» **TASK DIRECTIONS**
Omit all images, then repeat exactly the lines below from the one containing "Viajante em um" through the one containing "Burgundy net and", both ends included.

(Collected data)
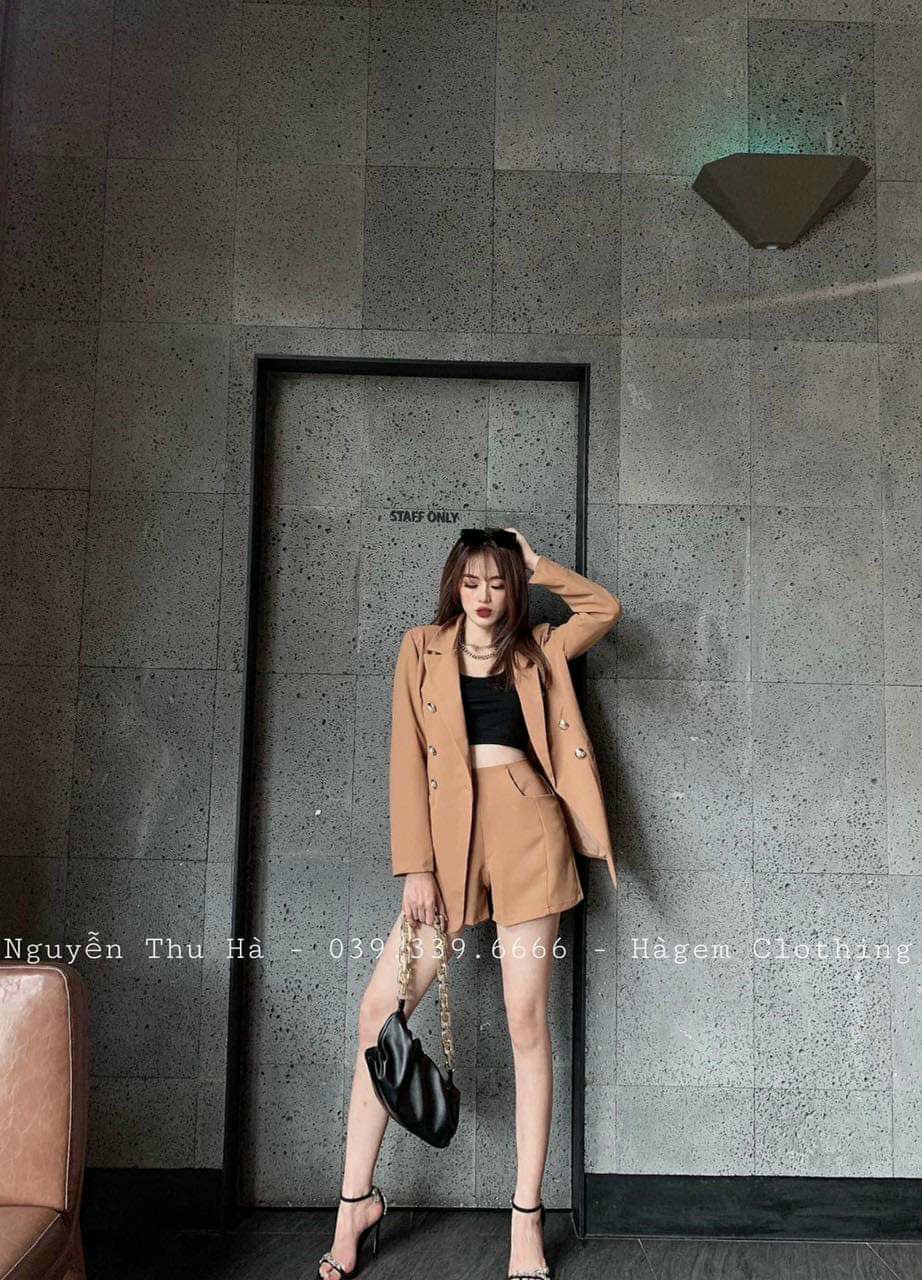 Sét áo vest nút kèm áo 2 dây quần short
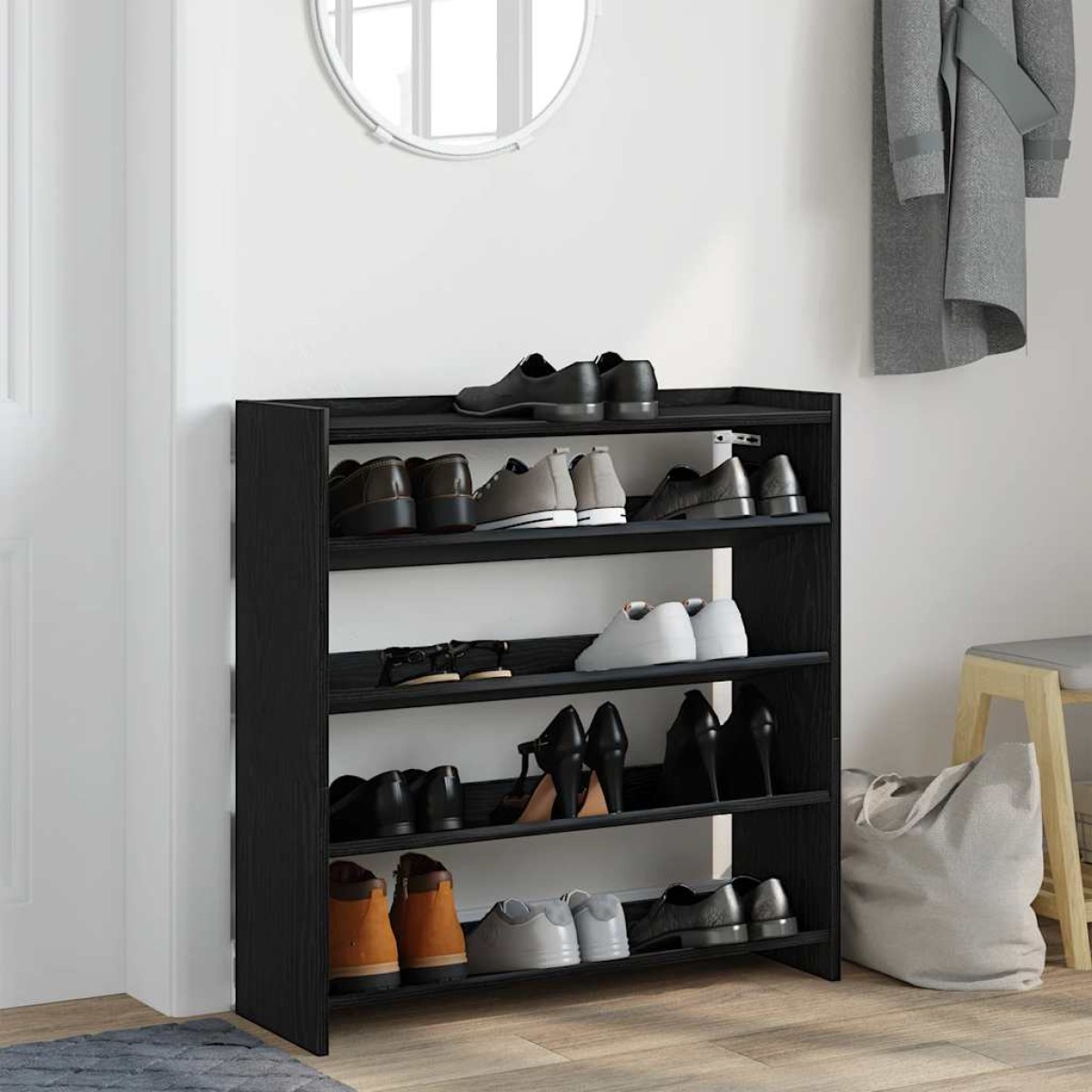 Ράφι παπουτσιών vidaXL Μαύρο 80x25x81 cm Κατασκευασμένο ξύλο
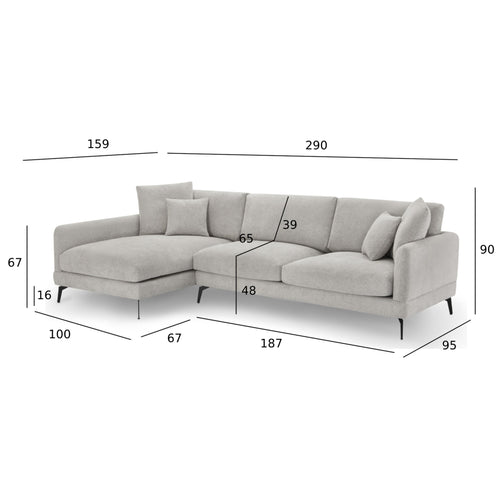 Furnhouse chaise longue bank links Maggie - Grijs - Stof - 95x290x90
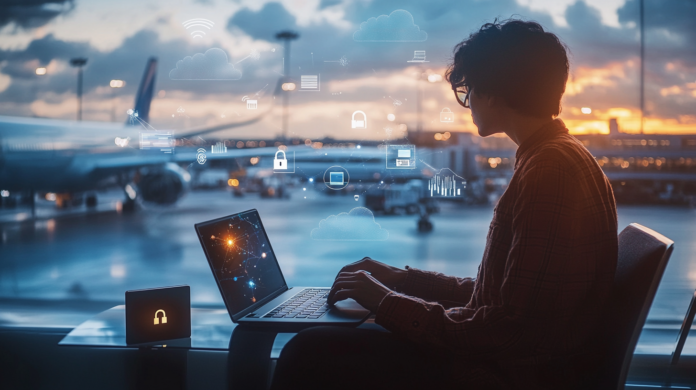 Viajante em um aeroporto usando um laptop conectado a uma VPN, representando segurança dos dados com ícones de criptografia, cadeados e um passaporte em destaque.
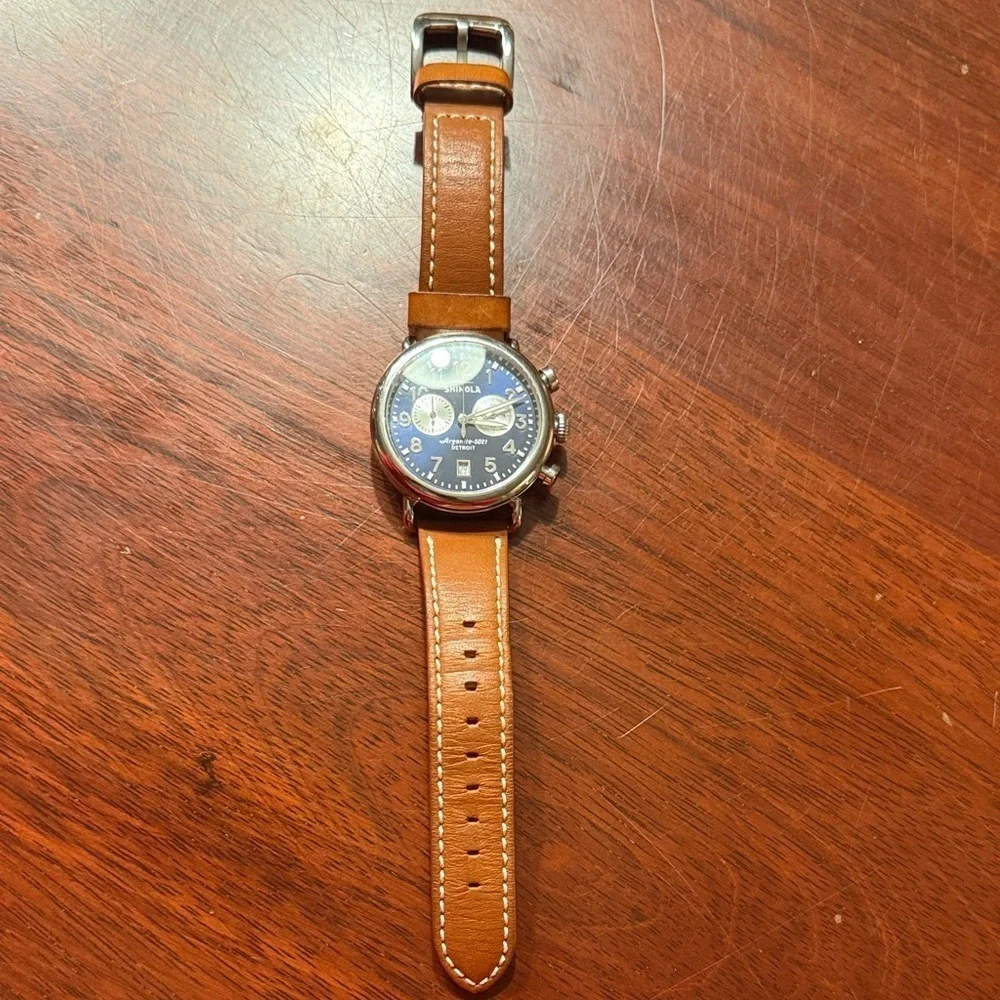 Shinola Silver and Blue Chronograph Watch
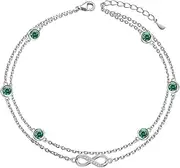 [Wasee] Bracelet/Anklet for Women 925 Sterling Silver Birthstone Bracelet Birthday Adjustable Anklets Jewelry for Women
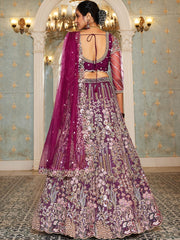 Burgundy net and Coding and Zarkan embroidery Semi-Stitched Lehenga choli & Dupatta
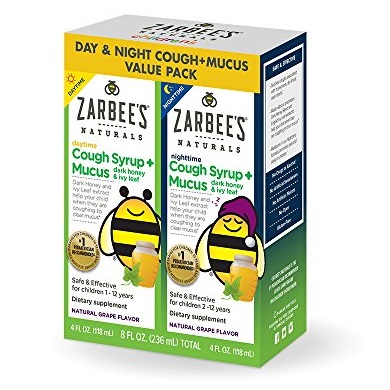Zarbee's Naturals Children's Cough Syrup + Mucus with Dark Honey & Ivy Leaf Daytime & Nighttime, Natural Grape Flavor, 4 oz Bottles (Value Twin Pack), Only $9.73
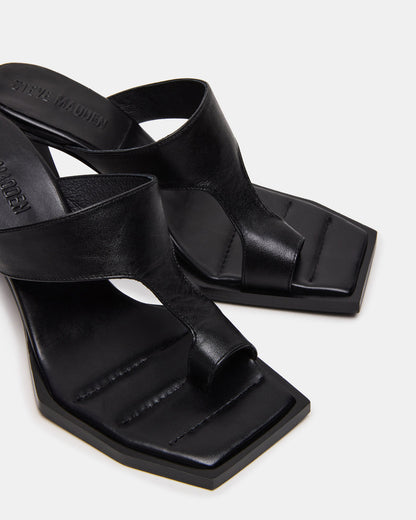 ALAMEDA Black Leather Square-Toe Mule Women's Heel | Steve Madden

» **REPLY TO THE TASK**
 Viajante em um aeroporto usando um laptop conectado a uma VPN, representando segurança dos dados com ícones de criptografia, cadeados e um passaporte em destaque.
 Shinola Silver and Blue Chronograph Watch
 [Wasee] Bracelet/Anklet for Women 925 Sterling Silver Birthstone Bracelet Birthday Adjustable Anklets Jewelry for Women
 Burgundy net and Coding and Zarkan embroidery Semi-Stitched Lehenga choli & Dupatta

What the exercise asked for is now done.